Não faltam a Nelson sambas sobre situações específicas, como A flor e o espinho, parceria com Guilherme de Brito, em que a inexorabilidade do destino é explicitada: ele é o espinho, ela é a flor, e “O sol não pode viver perto da lua”. Mas Luz negra (ao lado de Esses moços, de Lupicínio, em que a tempestade é vista em retrospectiva) é uma espécie de tratado teórico trágico, monólogo sintético que define a síntese realizada pelos três autores.

A canção já começa dramática, partindo da nota mais aguda, que então desce por semitons – e na primeira parte vai ladeira abaixo, até o “E não consigo achar ninguém”, que fecha na nota mais grave. Todos os versos terminam em frases descendentes, com a única exceção do último, em que a melodia plana serve para reforçar a convicção de um melancólico: “Estou chegando ao fim”. Já na segunda parte o movimento se inverte, tornando-se ascendente – passa de dominante em dominante, aumentando a tensão dos versos cada vez mais dramáticos, até o golpe de mestre da evocação de um motivo caro a Nelson, o do palhaço triste (que também o inspirou em ao menos mais uma canção, Palhaço, feita com Oswaldo Martins e Washington Fernandes).
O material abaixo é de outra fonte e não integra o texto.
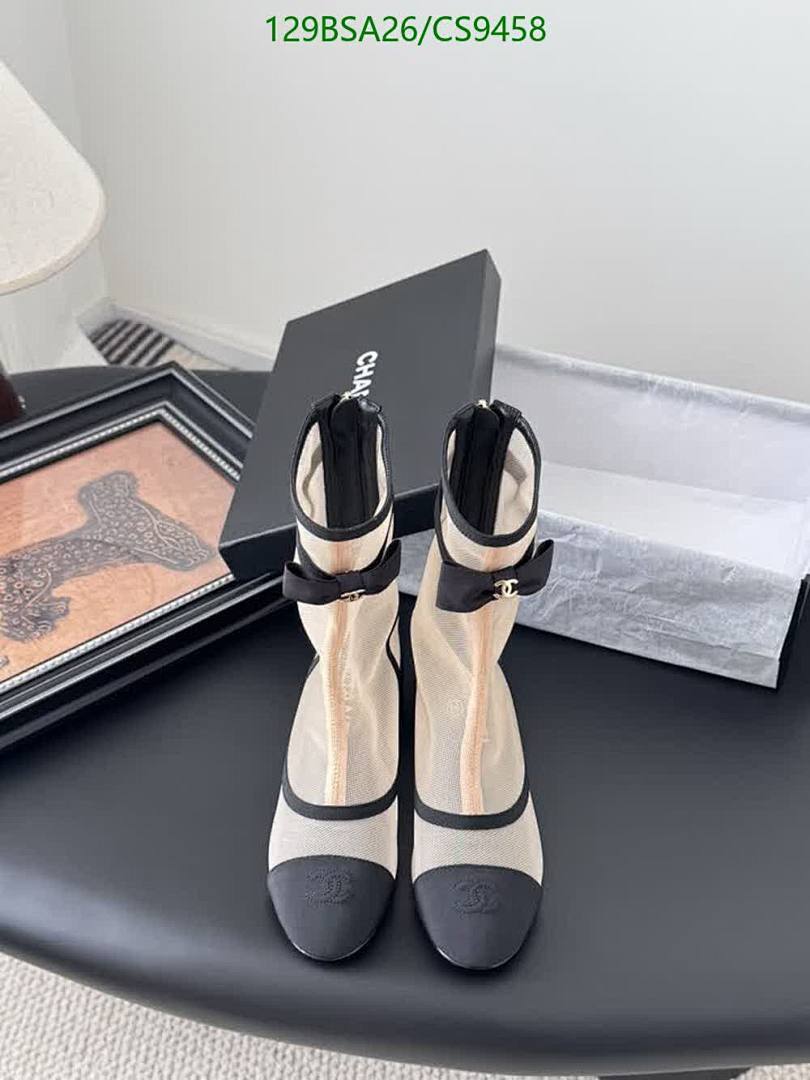 Boots-Women Shoes Code: CS9458 $: 129USD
Mas toda a segunda seção de Luz negra já prepara a aparição da metáfora do palhaço. A própria letra, usando o jargão teatral, é uma metáfora, a começar pelo holofote que dá nome ao samba, pintando o cenário em que, afinal, o eu lírico representará um personagem, numa metalinguagem. A luz negra é o destino, único elemento com quem o protagonista contracena, e do qual não pode escapar.

A retomada da primeira parte é catártica, com a melodia ascendente da segunda conduzindo à primeira nota da primeira. Como na tragédia clássica, a catarse do sofrimento, elemento tradicional do samba  – o exemplo acabado é a genial Coração em desalinho, de Mauro Diniz e Ratinho, em que os versos finais “Não sei viver sem teu amor / Sozinho curto a minha dor” são cantados na mais absoluta exaltação –, cumpre  sua função, com a identificação entre espectador/ouvinte e personagem, e a purificação do público pelo sacrifício do herói.

Seja na Grécia antiga, na África, na saudade do passado perdido ou no lamento da desgraça, as obras desses três compositores, como em última instância todo samba, vêm nos lembrar que a fortuna não escolhe apenas os reis, ou que, de certa forma, em algum momento somos todos reis. O destino espreita cada um de nós na próxima esquina – ou, vá lá, no bar da esquina, onde o samba se esmera em cantar.